Study material -
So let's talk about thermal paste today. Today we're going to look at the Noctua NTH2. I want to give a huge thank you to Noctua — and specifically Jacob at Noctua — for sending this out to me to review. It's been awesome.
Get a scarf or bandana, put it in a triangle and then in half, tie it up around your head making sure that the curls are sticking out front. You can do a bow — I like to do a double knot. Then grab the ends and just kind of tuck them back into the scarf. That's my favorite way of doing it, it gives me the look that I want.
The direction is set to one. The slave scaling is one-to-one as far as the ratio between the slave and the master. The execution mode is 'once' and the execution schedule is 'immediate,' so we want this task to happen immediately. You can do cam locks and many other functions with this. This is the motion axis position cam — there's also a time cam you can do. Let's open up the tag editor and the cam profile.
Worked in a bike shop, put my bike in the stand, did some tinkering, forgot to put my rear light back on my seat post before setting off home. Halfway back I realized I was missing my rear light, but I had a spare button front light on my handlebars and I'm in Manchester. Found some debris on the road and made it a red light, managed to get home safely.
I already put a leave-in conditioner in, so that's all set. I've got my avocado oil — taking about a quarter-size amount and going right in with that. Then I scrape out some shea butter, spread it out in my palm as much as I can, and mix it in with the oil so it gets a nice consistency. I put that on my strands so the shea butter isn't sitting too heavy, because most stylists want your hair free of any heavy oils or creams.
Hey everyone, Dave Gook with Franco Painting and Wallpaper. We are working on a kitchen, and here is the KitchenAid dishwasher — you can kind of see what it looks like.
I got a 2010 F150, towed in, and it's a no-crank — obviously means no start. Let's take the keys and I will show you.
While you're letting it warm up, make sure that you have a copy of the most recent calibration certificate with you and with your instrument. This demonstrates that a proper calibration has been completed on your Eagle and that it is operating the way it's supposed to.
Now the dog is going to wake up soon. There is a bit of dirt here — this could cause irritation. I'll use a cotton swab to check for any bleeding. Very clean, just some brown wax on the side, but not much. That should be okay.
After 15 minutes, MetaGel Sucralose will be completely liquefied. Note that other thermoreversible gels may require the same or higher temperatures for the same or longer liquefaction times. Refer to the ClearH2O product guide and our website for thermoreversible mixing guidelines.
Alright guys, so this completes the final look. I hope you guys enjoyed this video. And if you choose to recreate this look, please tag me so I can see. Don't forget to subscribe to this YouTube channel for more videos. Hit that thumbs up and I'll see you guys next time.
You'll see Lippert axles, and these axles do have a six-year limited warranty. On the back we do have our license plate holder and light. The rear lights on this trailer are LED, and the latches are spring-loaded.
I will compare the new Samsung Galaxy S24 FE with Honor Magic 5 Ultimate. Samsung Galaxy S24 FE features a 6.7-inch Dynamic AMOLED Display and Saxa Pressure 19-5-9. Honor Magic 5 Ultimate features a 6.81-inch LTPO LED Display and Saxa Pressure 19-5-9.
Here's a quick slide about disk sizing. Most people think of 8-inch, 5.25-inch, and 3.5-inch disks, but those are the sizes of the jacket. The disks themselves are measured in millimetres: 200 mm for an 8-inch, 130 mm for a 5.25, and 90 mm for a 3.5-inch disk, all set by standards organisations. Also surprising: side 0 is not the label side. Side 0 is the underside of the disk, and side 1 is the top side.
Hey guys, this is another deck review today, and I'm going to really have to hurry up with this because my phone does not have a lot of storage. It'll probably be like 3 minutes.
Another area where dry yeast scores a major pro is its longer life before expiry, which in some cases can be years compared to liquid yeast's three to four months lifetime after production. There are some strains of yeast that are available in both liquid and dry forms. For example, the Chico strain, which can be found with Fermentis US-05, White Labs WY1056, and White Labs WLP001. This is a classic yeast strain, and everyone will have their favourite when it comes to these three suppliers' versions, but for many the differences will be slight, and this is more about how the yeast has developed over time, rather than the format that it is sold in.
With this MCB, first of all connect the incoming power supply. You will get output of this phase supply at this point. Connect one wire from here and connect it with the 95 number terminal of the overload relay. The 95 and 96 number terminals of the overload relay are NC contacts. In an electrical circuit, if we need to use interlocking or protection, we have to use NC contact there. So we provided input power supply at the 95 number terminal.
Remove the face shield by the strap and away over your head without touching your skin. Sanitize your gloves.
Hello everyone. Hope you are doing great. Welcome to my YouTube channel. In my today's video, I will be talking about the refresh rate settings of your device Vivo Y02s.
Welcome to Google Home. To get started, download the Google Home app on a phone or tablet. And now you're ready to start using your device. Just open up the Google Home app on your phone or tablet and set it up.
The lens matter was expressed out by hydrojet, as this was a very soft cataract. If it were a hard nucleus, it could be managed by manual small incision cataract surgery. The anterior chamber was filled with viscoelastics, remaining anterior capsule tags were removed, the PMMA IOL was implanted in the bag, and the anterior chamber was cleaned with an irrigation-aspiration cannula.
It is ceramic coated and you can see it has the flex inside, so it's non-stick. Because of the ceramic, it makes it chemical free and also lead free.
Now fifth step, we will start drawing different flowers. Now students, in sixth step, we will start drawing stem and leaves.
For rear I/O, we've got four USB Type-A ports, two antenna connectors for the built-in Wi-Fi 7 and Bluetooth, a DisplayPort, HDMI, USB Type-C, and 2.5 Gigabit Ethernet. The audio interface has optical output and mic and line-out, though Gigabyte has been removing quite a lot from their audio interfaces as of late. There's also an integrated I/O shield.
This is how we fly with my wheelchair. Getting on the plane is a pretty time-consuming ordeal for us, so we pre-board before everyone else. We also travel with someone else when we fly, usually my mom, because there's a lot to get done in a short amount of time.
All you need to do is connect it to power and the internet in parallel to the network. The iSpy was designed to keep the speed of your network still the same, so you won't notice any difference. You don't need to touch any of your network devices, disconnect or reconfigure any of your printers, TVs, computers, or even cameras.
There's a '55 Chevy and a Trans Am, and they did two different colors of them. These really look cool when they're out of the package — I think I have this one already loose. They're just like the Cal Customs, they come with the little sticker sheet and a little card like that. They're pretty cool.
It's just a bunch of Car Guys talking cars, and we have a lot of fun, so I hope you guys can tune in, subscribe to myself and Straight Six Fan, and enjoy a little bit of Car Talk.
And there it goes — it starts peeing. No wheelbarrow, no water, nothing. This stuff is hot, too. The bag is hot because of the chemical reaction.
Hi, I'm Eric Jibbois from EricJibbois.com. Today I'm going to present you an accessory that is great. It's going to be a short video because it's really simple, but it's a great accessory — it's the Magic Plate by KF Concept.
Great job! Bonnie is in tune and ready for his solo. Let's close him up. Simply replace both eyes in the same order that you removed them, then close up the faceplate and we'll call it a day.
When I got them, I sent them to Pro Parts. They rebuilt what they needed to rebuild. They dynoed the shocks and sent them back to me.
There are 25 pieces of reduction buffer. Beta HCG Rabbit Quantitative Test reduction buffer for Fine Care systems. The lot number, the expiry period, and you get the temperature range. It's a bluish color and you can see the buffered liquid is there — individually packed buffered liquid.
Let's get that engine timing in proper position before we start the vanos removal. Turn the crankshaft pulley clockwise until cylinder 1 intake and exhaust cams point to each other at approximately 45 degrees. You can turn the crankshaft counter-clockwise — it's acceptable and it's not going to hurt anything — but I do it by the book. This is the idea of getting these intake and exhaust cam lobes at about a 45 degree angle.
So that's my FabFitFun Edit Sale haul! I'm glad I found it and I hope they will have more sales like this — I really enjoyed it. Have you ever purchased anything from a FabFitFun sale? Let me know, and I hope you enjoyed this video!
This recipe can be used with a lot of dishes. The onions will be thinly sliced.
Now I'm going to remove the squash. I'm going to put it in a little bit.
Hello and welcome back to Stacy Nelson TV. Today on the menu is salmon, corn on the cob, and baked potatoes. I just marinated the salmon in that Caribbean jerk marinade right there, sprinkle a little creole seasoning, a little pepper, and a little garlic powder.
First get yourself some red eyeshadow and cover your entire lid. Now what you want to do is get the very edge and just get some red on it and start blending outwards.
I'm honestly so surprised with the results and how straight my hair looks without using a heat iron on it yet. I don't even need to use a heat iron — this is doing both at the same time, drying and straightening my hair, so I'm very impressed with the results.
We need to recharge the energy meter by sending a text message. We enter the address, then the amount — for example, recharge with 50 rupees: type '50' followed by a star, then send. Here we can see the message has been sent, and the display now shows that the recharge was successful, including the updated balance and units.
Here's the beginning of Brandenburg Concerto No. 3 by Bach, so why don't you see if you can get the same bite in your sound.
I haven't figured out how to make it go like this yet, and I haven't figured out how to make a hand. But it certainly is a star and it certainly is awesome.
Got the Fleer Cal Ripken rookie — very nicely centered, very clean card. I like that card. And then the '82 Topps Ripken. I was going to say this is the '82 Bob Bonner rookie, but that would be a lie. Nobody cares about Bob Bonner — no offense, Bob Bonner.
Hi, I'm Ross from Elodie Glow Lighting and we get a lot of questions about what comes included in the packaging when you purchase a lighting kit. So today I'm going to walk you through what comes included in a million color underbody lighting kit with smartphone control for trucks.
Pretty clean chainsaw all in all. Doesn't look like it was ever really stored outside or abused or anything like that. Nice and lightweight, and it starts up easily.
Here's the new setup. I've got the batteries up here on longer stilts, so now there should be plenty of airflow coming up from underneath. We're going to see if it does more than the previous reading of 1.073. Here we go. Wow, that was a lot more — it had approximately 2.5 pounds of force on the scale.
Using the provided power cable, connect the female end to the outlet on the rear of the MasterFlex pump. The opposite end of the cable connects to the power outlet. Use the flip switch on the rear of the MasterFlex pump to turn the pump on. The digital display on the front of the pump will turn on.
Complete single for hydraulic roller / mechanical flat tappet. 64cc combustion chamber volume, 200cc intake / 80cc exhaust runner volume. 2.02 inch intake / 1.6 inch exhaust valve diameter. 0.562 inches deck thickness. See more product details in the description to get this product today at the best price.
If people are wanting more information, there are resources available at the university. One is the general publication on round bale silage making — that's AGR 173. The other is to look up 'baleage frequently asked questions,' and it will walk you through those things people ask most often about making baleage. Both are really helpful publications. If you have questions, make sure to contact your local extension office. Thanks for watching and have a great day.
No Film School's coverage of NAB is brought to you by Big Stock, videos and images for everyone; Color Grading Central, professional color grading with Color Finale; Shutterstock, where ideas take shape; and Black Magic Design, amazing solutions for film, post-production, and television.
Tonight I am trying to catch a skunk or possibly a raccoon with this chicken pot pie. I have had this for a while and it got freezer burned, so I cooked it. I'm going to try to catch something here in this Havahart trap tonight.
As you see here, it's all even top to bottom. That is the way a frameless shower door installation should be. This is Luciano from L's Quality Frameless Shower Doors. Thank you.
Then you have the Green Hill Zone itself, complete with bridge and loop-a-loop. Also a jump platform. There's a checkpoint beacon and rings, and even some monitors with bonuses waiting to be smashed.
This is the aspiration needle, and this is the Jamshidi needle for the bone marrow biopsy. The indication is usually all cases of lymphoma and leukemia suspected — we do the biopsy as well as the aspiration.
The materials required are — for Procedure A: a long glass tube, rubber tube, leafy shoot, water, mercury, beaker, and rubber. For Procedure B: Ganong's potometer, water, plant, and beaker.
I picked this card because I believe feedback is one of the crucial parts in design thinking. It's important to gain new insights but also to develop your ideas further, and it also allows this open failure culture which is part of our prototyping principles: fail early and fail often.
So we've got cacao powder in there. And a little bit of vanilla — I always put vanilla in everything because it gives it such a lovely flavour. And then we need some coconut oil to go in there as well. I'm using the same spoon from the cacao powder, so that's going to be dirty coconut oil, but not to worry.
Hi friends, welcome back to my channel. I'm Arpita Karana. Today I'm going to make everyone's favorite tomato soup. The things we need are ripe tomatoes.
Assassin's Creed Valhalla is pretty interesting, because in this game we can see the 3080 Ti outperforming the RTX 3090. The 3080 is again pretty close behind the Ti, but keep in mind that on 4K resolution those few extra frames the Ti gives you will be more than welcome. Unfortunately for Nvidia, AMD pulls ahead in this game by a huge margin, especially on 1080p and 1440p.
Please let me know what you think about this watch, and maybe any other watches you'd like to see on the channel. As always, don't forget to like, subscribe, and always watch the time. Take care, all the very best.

What is required -
Lines in the material above that contain "chemical": how many are there? Reply with the number only.

Expected output -
2